The bar graph above shows the top 15 players who have the highest points per game. The top scorer of 2020-2024 is Joel Embiid with 31.7 PTS. 

In [472]:
# Scatter plot of Points Per Game vs. Field Goal Percentage of Top 15 Scorers
fig4 = px.scatter(top15_scorers, x='PTS', y='FG%', 
                 title='Points Per Game vs. Field Goal Percentage',
                 labels={'PTS': 'Points Per Game', 'FG%': 'Field Goal Percentage'},
                 size='PTS', hover_name='Player')

fig4.show()

The scatterplot shows the Points vs. Field Goal Percentage, to show the efficiency of the top 30 scorers. Although, Joel Embiid is the top scorer, he is not the most efficient. The most efficient scorers are Zion Williamson scoring 25.3 PTS on 59.6% of shooting, Nikola Jokic scoring 26.1 PTS on 59.1% of shooting, and then Giannis Antetokounmpo scoring 29.9 PTS on 57.2% of shooting.

In [473]:
# Scatter plot of Defensive Rebounds vs. Offensive Rebounds of Top 15 Rebounders
fig4 = px.scatter(top15_rebounders, x='DRB', y='ORB', 
                 title='Defensive Rebounds vs. Offensive Rebounds',
                 labels={'DRB': 'Defensive Rebounds', 'ORB': 'Offensive Rebounds'},
                 size='REB', hover_name='Player')

fig4.show()

Above shows the top rebounders in the league, but with the amount of rebounds on either the offensive or defensive side.
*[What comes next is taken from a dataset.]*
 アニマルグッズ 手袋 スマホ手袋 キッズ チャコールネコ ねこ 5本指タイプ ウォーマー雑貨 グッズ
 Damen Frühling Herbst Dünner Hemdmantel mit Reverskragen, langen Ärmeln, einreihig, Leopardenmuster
Rudy Gobert is the top rebounder, but is about 3:1 ratio of defensive to offensive rebounds, which means most of his rebounds come from the defensive side of the floor. The top offensive rebounder is Steven Adams with about 4.5 rebounds, but is ranked number 14 in total rebounds.

In [474]:
# Scatter plot of 3PT Attempts vs. 3PT Percentage of Top 30 3PT Shooters
fig6 = px.scatter(top30_3pt, x='3PA', y='3P%', 
                 title='3PT Attempts vs. 3PT Percentage (Shooting More Than 5 3PTs Per Game)',
                 labels={'3PA': '3-Point Attempts Per Game', '3P%': '3-Point Percentage'},
                 size='3PA', hover_name='Player')

fig6.show()

This shows the effiency of the top 30 three point shooters (in three point field percentages shooting more than 5 threes a game). There seems to be an outlier of this group, it being Stephen Curry with his attempts. He attempts about 11.9 threes a game, but shooting 40.9% from three. While the player who tends to make his threes more often, is Kevin Durant with 42.7% from three, but only shooting about 5.2 threes a game.

In [477]:
# Scatter plot of Assists vs. Turnovers (Playmaking Efficiency)
fig7 = px.scatter(top15_playmakers, x='AST', y='TOV', 
                 title='Assists vs. Turnovers (Playmaking Efficiency)',
                 labels={'AST': 'Assists Per Game', 'TOV': 'Turnovers Per Game'},
                 color='Pos', size='AST', hover_name='Player')

fig7.show()

This shows the assist vs. turnovers, meaning how efficient of a playmaker is. The less of turnovers is the better, but with the increase amount of assists tends to be more turnovers. Typically, the ratio to aim for in assists to turnover is 2:1. Anything less, would usually mean the player is not an elite playmaker, or the designated playmaker for their team. The player with best assist to turnover ratio is Chris Paul with about a 4:1 ratio.